→ STORED DATA
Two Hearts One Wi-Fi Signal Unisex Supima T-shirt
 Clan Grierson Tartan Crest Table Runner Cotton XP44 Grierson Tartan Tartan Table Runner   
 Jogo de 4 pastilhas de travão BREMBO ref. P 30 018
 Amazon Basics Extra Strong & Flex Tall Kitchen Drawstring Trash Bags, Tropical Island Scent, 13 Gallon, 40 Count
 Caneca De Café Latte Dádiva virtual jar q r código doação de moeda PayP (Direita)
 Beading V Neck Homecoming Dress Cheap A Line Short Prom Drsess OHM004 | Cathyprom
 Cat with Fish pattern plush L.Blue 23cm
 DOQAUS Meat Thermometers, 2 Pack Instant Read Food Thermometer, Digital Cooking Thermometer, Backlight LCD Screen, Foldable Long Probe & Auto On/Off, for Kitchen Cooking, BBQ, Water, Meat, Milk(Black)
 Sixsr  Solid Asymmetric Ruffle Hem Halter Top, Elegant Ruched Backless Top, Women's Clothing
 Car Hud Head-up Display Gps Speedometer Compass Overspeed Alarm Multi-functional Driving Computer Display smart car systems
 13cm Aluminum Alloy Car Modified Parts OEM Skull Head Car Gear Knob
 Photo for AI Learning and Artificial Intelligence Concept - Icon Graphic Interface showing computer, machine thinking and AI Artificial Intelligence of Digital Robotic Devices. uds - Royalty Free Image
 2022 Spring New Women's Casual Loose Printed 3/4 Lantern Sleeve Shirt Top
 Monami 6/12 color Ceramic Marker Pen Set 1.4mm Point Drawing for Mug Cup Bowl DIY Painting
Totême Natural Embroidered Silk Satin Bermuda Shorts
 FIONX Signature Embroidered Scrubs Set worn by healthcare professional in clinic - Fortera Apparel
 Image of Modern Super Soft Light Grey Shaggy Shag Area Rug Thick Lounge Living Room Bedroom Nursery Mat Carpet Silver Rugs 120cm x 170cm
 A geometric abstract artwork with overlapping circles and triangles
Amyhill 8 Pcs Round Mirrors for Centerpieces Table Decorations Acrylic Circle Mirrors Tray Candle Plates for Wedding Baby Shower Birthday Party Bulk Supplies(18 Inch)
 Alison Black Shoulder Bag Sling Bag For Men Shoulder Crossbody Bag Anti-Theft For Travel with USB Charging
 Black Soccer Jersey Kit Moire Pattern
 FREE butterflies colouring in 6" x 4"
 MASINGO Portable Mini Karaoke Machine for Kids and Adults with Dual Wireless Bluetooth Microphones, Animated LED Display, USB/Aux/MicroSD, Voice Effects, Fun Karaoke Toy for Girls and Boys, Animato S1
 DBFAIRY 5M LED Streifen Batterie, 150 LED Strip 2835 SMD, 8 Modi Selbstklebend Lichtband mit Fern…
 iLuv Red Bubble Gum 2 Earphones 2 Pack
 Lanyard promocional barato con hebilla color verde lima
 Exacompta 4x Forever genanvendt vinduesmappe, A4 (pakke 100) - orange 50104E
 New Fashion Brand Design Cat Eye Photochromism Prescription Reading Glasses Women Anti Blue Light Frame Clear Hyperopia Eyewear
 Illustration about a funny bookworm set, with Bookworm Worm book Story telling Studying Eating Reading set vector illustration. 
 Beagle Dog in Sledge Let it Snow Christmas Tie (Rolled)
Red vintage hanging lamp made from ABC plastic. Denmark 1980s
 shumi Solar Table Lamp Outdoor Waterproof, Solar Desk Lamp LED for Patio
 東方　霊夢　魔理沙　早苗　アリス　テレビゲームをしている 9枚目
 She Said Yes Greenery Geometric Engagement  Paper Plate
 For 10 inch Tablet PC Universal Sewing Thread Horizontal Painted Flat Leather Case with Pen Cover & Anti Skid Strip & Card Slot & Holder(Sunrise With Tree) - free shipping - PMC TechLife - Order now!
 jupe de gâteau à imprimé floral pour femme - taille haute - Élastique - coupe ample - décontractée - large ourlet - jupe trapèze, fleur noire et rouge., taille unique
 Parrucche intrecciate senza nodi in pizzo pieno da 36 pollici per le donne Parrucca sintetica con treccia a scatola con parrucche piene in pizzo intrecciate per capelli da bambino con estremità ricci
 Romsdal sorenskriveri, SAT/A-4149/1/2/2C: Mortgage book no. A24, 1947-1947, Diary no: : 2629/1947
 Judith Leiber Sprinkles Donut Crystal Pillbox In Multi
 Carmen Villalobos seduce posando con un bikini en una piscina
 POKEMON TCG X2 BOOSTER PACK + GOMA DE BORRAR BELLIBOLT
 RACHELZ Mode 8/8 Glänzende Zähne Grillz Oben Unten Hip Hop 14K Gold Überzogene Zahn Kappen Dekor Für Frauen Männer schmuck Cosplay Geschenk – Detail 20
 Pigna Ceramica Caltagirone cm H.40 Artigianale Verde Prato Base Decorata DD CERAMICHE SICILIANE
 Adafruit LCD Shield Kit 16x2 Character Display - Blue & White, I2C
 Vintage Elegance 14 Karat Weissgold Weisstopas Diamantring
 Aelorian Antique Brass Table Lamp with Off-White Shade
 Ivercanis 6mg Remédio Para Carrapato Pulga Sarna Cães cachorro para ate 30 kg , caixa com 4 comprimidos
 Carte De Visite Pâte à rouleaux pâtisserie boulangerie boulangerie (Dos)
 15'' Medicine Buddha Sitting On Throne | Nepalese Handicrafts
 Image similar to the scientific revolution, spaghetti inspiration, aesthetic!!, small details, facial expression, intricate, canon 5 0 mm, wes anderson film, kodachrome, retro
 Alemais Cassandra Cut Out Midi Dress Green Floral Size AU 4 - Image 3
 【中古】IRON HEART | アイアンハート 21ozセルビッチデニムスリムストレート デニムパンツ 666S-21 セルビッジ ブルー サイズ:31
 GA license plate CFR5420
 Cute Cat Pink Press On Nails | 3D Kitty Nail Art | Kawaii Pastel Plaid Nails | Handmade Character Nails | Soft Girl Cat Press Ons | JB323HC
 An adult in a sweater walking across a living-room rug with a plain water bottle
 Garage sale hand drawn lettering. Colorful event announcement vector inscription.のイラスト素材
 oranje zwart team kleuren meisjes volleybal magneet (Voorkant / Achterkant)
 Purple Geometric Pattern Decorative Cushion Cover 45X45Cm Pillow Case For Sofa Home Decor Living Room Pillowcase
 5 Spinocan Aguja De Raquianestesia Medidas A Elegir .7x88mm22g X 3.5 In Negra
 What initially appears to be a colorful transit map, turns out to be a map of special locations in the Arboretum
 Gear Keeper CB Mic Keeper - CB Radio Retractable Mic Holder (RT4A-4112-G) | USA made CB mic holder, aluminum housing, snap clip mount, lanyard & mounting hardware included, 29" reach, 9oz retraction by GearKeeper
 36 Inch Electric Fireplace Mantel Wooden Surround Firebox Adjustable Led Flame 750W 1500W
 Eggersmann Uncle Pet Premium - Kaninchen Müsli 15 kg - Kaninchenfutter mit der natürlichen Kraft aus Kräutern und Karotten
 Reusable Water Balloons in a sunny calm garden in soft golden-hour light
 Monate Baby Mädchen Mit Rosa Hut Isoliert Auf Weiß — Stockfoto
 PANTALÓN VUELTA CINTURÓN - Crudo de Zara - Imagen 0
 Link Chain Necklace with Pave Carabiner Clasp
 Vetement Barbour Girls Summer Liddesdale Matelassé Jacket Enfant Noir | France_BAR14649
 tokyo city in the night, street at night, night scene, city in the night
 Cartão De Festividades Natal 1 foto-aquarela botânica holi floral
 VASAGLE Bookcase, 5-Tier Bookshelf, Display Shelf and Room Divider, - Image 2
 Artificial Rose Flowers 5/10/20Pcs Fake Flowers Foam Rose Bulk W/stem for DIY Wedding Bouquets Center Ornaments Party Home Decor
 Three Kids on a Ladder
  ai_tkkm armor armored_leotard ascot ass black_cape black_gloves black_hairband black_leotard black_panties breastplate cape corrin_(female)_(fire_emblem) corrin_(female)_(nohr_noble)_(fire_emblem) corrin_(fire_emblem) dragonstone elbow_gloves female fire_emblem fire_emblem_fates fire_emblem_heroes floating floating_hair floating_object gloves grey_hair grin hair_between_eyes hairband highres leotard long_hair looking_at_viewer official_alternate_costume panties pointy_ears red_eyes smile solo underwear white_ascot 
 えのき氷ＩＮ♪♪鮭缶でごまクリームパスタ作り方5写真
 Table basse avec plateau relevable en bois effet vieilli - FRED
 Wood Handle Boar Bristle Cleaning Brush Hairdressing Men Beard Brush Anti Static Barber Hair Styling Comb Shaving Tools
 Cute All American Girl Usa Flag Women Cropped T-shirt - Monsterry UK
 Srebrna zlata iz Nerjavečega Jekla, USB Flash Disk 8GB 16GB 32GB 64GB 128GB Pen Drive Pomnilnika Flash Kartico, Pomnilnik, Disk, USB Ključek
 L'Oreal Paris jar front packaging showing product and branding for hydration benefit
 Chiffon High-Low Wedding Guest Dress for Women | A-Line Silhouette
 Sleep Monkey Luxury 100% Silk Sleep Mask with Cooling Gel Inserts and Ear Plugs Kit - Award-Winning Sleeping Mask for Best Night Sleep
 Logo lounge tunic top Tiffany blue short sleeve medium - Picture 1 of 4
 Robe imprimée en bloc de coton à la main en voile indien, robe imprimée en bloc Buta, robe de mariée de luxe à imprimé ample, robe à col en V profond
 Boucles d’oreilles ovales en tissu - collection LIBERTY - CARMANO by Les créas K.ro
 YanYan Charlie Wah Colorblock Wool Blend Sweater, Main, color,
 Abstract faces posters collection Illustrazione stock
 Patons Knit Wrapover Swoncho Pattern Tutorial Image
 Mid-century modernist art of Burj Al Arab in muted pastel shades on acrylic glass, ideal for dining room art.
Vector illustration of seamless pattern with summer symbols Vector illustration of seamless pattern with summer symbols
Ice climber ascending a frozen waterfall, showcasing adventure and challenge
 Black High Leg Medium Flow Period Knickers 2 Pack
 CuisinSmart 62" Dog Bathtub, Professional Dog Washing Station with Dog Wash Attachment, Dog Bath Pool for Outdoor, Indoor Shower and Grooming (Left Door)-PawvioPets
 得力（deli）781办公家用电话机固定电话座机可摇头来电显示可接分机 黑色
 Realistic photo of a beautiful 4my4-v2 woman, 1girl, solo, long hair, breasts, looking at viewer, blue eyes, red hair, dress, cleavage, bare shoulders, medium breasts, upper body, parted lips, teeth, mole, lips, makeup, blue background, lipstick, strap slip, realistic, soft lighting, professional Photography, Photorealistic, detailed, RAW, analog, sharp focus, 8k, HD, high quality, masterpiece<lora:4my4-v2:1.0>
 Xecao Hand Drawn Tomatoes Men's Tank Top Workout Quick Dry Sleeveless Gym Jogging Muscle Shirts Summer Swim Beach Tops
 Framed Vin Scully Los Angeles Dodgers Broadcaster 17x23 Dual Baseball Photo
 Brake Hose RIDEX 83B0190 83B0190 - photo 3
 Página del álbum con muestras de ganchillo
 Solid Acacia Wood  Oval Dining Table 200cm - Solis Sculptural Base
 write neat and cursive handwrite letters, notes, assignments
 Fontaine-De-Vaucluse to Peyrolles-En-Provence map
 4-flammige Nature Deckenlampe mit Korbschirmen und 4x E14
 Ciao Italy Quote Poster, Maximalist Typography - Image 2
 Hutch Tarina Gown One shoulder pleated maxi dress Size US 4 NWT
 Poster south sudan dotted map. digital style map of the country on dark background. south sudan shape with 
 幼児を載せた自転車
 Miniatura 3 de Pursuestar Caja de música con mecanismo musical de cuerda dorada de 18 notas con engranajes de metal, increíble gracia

→ PROBLEM STATEMENT
Looking at the data above, return every line from the one with "4-flammige Nature Deckenlampe" down to the one with "Hutch Tarina Gown", exactly and inclusively.

→ SOLUTION BELOW
 4-flammige Nature Deckenlampe mit Korbschirmen und 4x E14
 Ciao Italy Quote Poster, Maximalist Typography - Image 2
 Hutch Tarina Gown One shoulder pleated maxi dress Size US 4 NWT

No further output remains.